I’ve never seen Shakespeare like he is in tragically beautiful Hamnet

Prepare to be broken and put back together again.

I’ve never seen Shakespeare like he is in tragically beautiful Hamnet
Jessie Buckley and Paul Mescal will blow you away in this poignant feature (Picture: Agata Grzybowska/Focus Features)

Hamnet is William Shakespeare as we’ve never really seen him before – a fully-fleshed human being and playing second fiddle to his wife.

It’s one of the most eagerly anticipated titles on the film festival circuit this autumn thanks to the undeniable pedigree provided by lead actors Jessie Buckley and Paul Mescal, Oscar-winning director Chloé Zhao and the best-selling novel at its heart by Maggie O’Farrell, who also co-wrote the screenplay.

Oh yes, and Steven Spielberg and Sam Mendes are producers.

I can’t really imagine this team creating anything other than a profoundly moving and rich piece of cinema, powered by the vulnerability of Buckley and Mescal – and that’s exactly what we get, so make sure you bring your tissues.

Hamnet is Shakespeare’s domestic life reimagined, but so true in its raw emotions that it would be all to easy to mistake it fully for historical fact. The bare bones of it are: we do know that he and wife Anne Hathaway (here called Agnes, as some historians argue) married at 18 and 26 respectively, and when they tied the knot she was already pregnant with their first child.

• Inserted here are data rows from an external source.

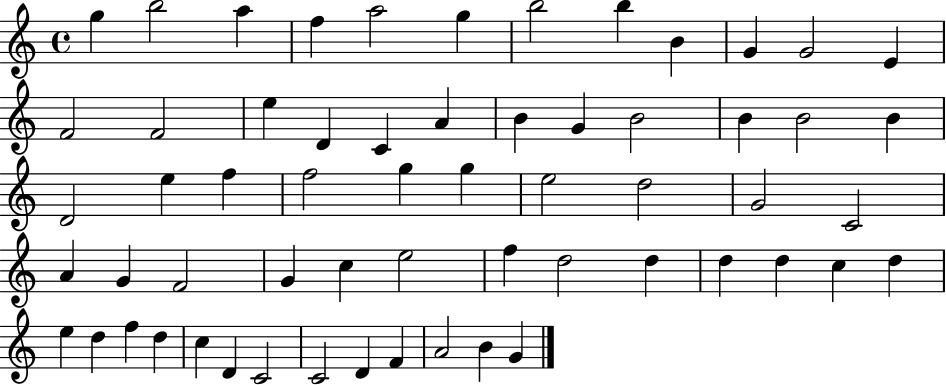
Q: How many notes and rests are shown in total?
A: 60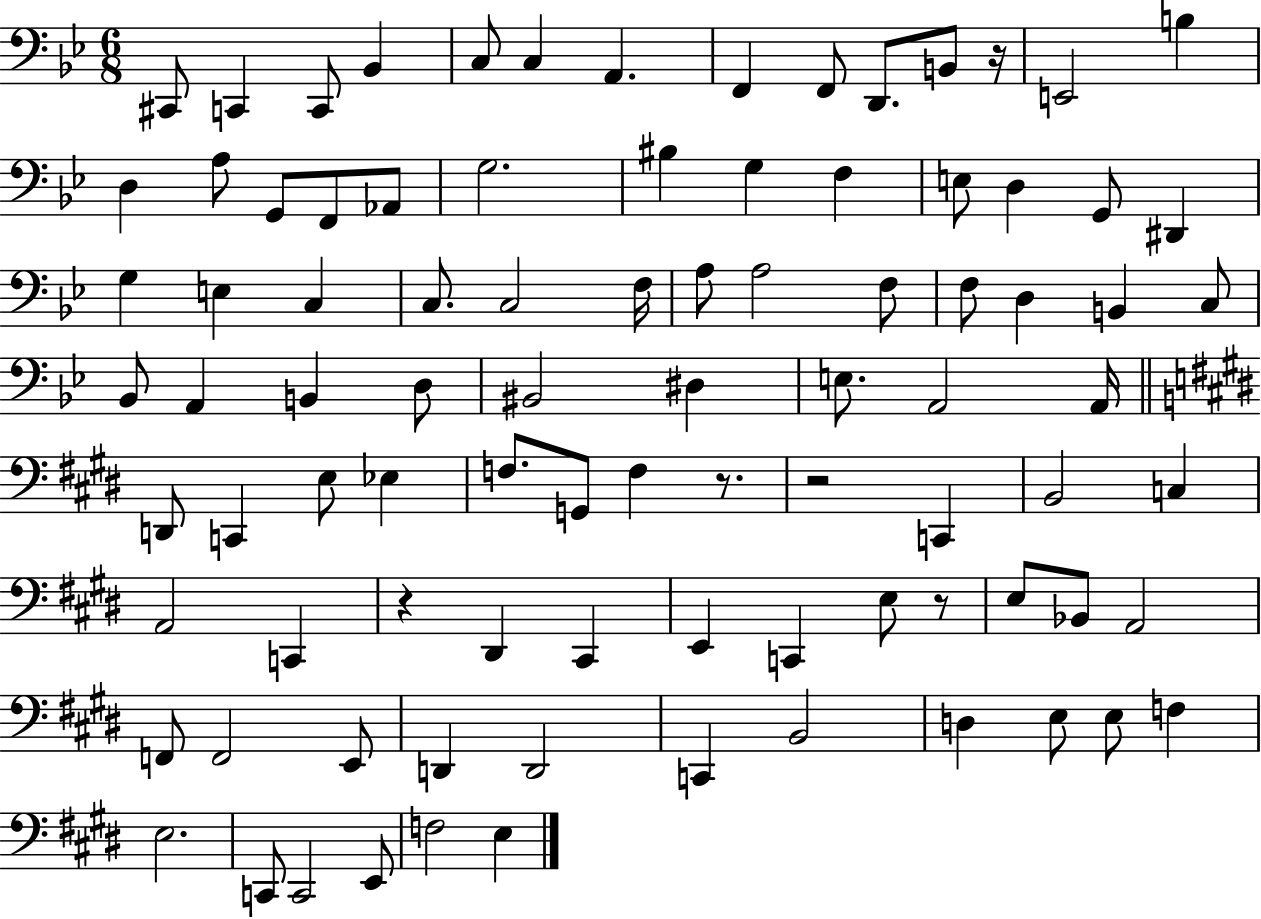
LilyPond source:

{
  \clef bass
  \numericTimeSignature
  \time 6/8
  \key bes \major
  cis,8 c,4 c,8 bes,4 | c8 c4 a,4. | f,4 f,8 d,8. b,8 r16 | e,2 b4 | \break d4 a8 g,8 f,8 aes,8 | g2. | bis4 g4 f4 | e8 d4 g,8 dis,4 | \break g4 e4 c4 | c8. c2 f16 | a8 a2 f8 | f8 d4 b,4 c8 | \break bes,8 a,4 b,4 d8 | bis,2 dis4 | e8. a,2 a,16 | \bar "||" \break \key e \major d,8 c,4 e8 ees4 | f8. g,8 f4 r8. | r2 c,4 | b,2 c4 | \break a,2 c,4 | r4 dis,4 cis,4 | e,4 c,4 e8 r8 | e8 bes,8 a,2 | \break f,8 f,2 e,8 | d,4 d,2 | c,4 b,2 | d4 e8 e8 f4 | \break e2. | c,8 c,2 e,8 | f2 e4 | \bar "|."
}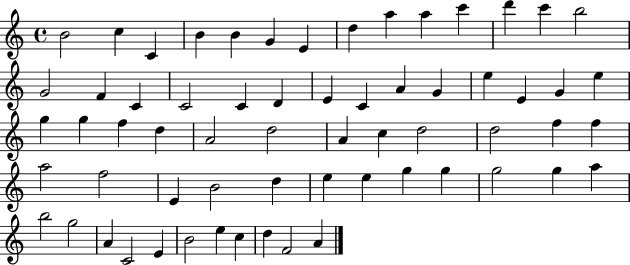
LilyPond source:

{
  \clef treble
  \time 4/4
  \defaultTimeSignature
  \key c \major
  b'2 c''4 c'4 | b'4 b'4 g'4 e'4 | d''4 a''4 a''4 c'''4 | d'''4 c'''4 b''2 | \break g'2 f'4 c'4 | c'2 c'4 d'4 | e'4 c'4 a'4 g'4 | e''4 e'4 g'4 e''4 | \break g''4 g''4 f''4 d''4 | a'2 d''2 | a'4 c''4 d''2 | d''2 f''4 f''4 | \break a''2 f''2 | e'4 b'2 d''4 | e''4 e''4 g''4 g''4 | g''2 g''4 a''4 | \break b''2 g''2 | a'4 c'2 e'4 | b'2 e''4 c''4 | d''4 f'2 a'4 | \break \bar "|."
}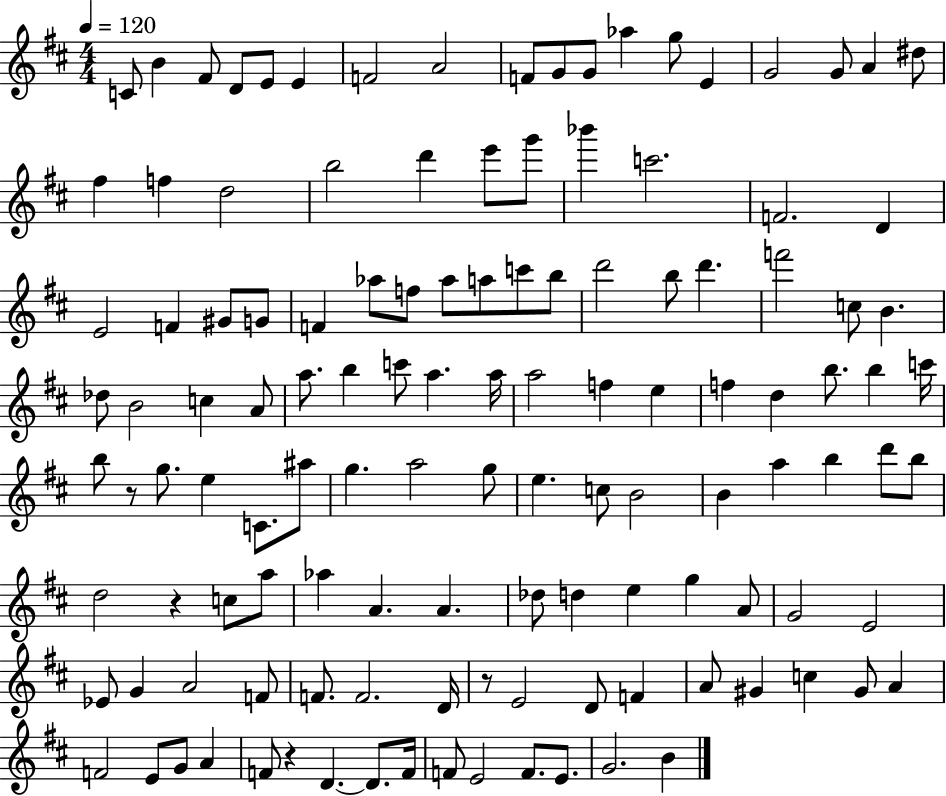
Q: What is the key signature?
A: D major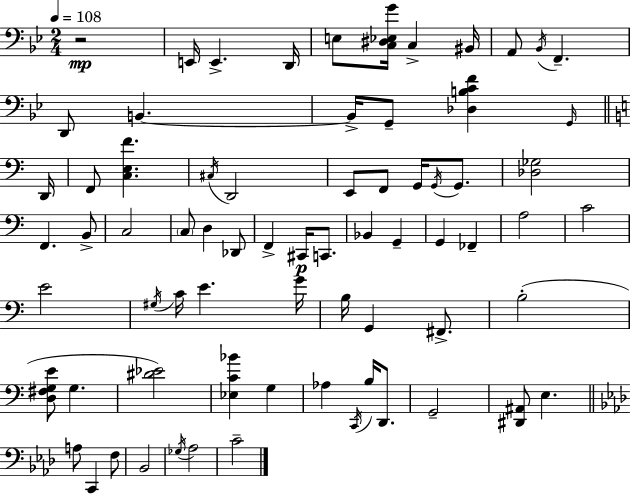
X:1
T:Untitled
M:2/4
L:1/4
K:Gm
z2 E,,/4 E,, D,,/4 E,/2 [C,^D,_E,G]/4 C, ^B,,/4 A,,/2 _B,,/4 F,, D,,/2 B,, B,,/4 G,,/2 [_D,B,CF] G,,/4 D,,/4 F,,/2 [C,E,F] ^C,/4 D,,2 E,,/2 F,,/2 G,,/4 G,,/4 G,,/2 [_D,_G,]2 F,, B,,/2 C,2 C,/2 D, _D,,/2 F,, ^C,,/4 C,,/2 _B,, G,, G,, _F,, A,2 C2 E2 ^G,/4 C/4 E G/4 B,/4 G,, ^F,,/2 B,2 [D,^F,G,E]/2 G, [^D_E]2 [_E,C_B] G, _A, C,,/4 B,/4 D,,/2 G,,2 [^D,,^A,,]/2 E, A,/2 C,, F,/2 _B,,2 _G,/4 _A,2 C2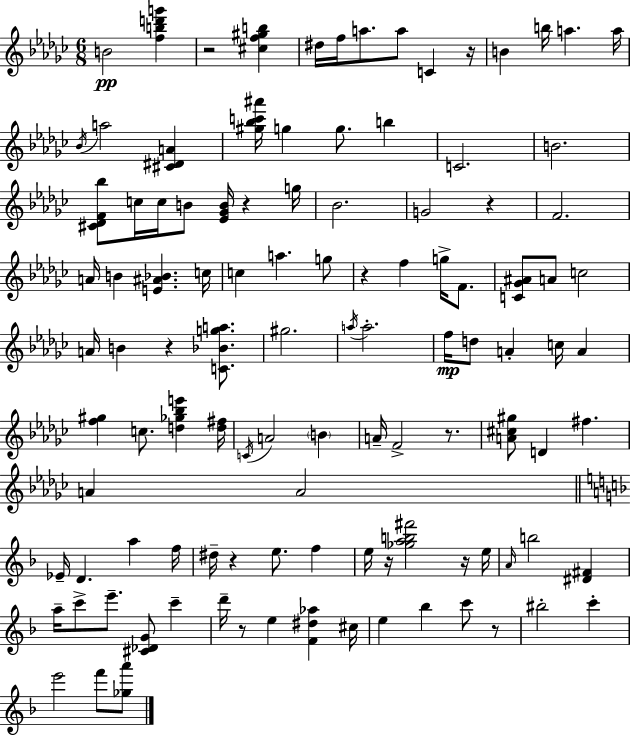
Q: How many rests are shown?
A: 12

We also know that they had three children together: Susannah, followed by twins Hamnet and Judith, and that Hamnet tragically died aged 11 in 1596. A few years later, his father wrote Hamlet – a name often seen as interchangeable with Hamnet – one of his most acclaimed plays. Hamnet explores the idea that this was Shakespeare’s way of saying goodbye to the son he couldn’t in real life.